Young Russians More Like Counterparts in West than to Their Parents – and Moscow isn’t Reaching Them, Pozhivilko Says

Paul Goble

            Staunton, Nov. 20 – Young Russians, even in the provinces, are more like their counterparts in foreign countries than they are like their parents and grandparents, Konstantin Pozhivilko says; but Moscow doesn’t know how to reach them, opting to blame the young for this and failing to reach out to them.

            Instead, the Russian analyst says, the Kremlin operates on the assumption that the only dialogue it needs with young Russians is one between them and the siloviki, an approach that ensures the divide between the young and their elders will increase to threatening dimensions (versia.ru/molodyozh-rugayut-molodyozh-nakazyvayut--pochemu-eyo-ne-xotyat-ponyat).

            The global village people talked about is here for the young, and the Internet is their teacher, Pozhivilko says.

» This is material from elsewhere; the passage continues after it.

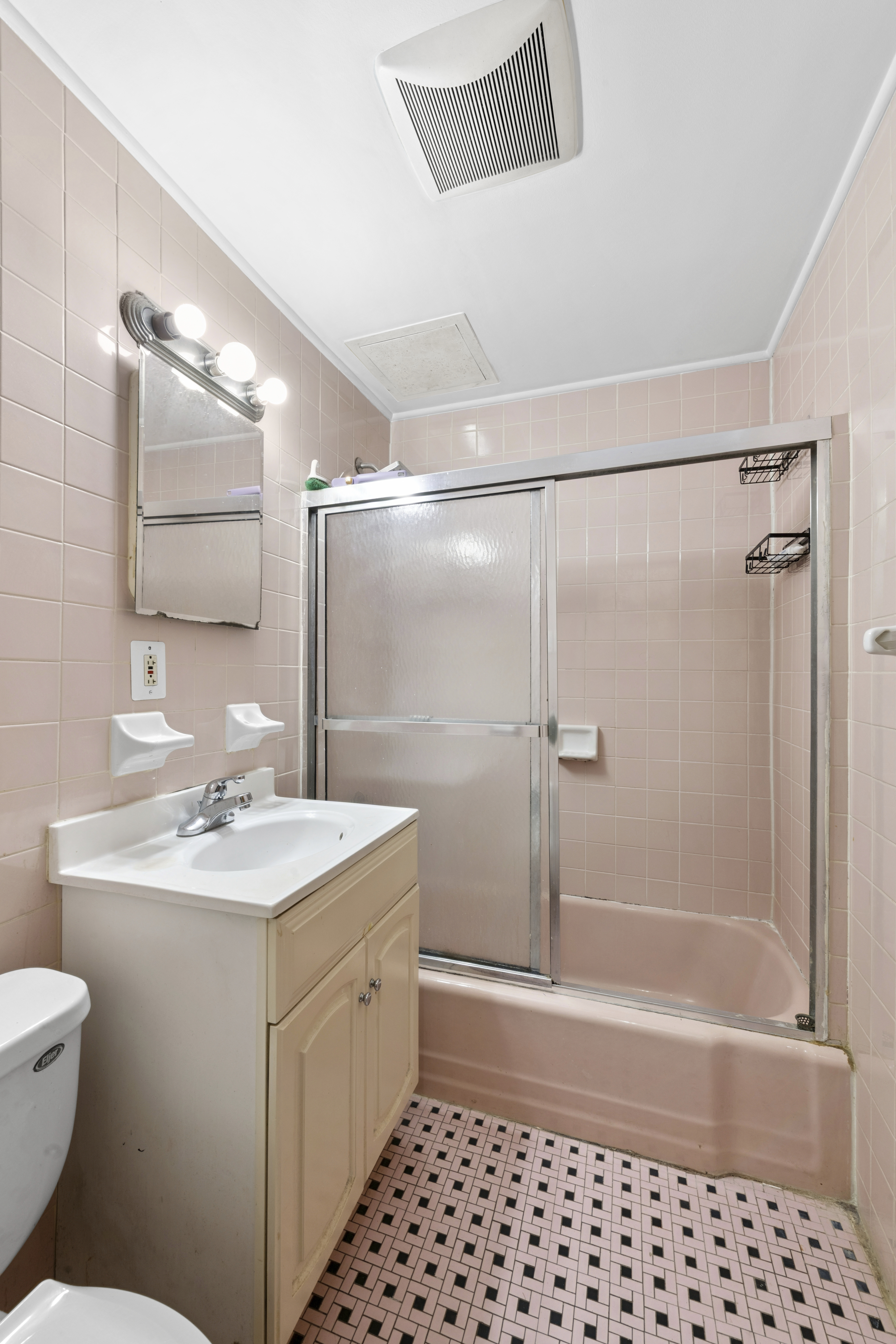 25-36 72nd Street Queens, NY 11370 - Photo 12 of 17 a bathroom with a sink a toilet and shower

That ties the generation together and splits them off from their parents who live by other means. “For Russia’s young, this leap has turned out much more traumatic” than it has elsewhere.

            Russians, including the young, have seen two systems collapse in the space of the last 30 years, first the Soviet one and then the wild one of the 1990s. As a result, Russian young people have become even more selfish and egoistic than other young people and more fully accepted the idea that relations with others must be based only on Huxley’s “mutual use.”

            There has always been a generational divide, “but never have fathers and children been so far from one another.” And what makes this divide particularly dangerous in Russia today is that the elders in power are simply blaming the young rather than reaching out to them in an effort to understand and then guide them.

            Emblematic of this neglect is that five years ago, the Kremlin sought to involve the leaders of youth culture in its election campaigns. But now it no longer is making that effort. Instead, the regime is acting on the assumption that it can deal with the young with repression alone, something even the Soviets did not do.

            Now, some in the Duma are beginning to speak again about the need for “a youth policy,” but that has left them trapped in the same paradigm. They shouldn’t be talking about a policy but about creating conditions for the socialization of young people. Until they do that, Pavlizhko says, all their words will prove empty and ineffective.